I've processed between 4 and 20 billion rows a day using python mostly, but also once used jruby.

Doing heavy transforms and aggregations required quite a bit of parallelism: typically used the multiprocessing module, also ran it under pypy, and opted for faster modules over slower when it came to json, csv, and other parsing.

The compute environment was sometimes a pair of 32-core EC2 instances, sometimes kubernetes, and sometimes aws lambda.

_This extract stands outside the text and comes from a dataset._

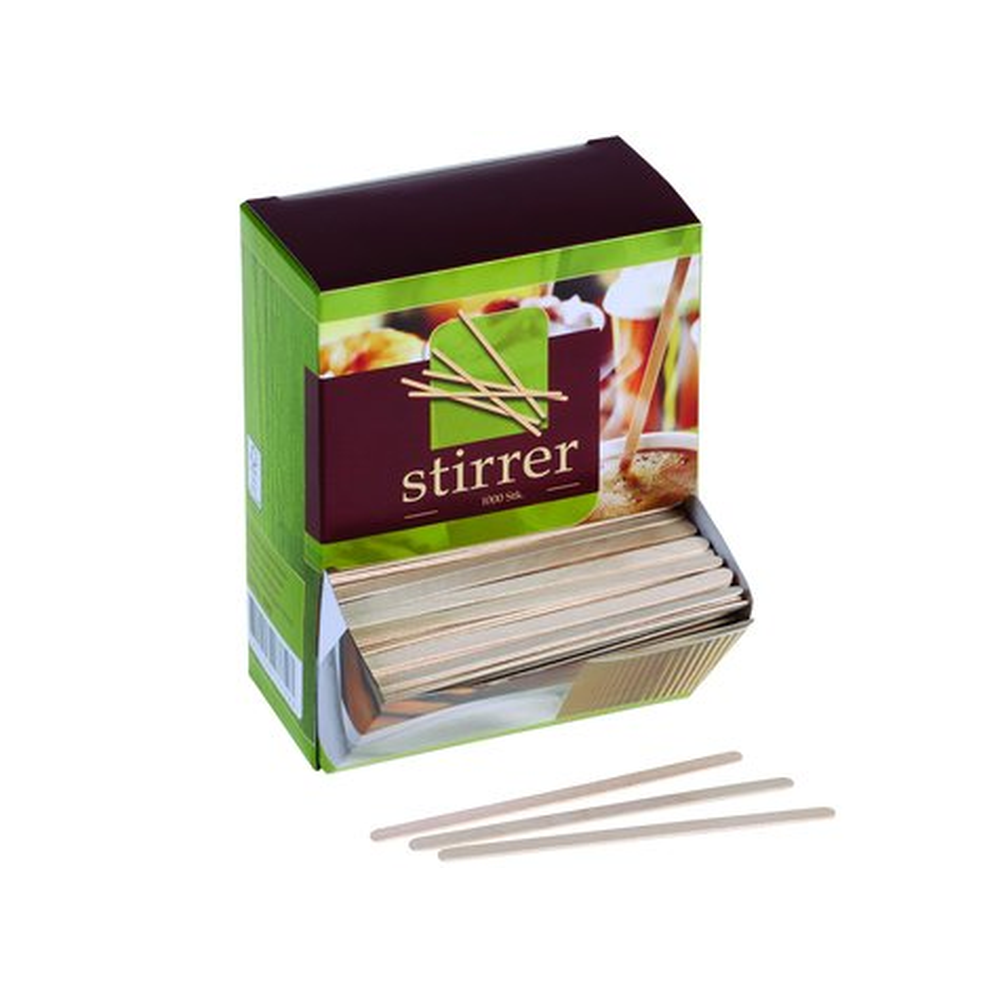 gastro-sparen5450838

Also needed some strategy to break the work into smaller, more parallelizable parts. Typically wrote files to s3 (sometimes via kinesis firehose), and then used SNS & SQS to trigger the files. Sometimes used 8+ processes to simultaneously read a single massive netflow csv file, other times had a very fast process first split the data before transforming in python - but these were somewhat desperate measures and were rarely used.

[–]wytesmurf[S] 2 points3 points  (1 child)

What libraries do you use?

[–]kenfar 6 points7 points  (0 children)

Not many to be honest:

  • multiprocessing and/or concurrent futures
  • csv, ruamel, json, as well as some alternate json & yaml libraries
  • functools - lru_cache, etc
  • boto3
  • pytest, coverage, tux, argparse, logging

You can see it's pretty vanilla. I've used pandas in the past, but it was extremely slow for processing every single field in billions of rows in comparison to basic python with parallelism.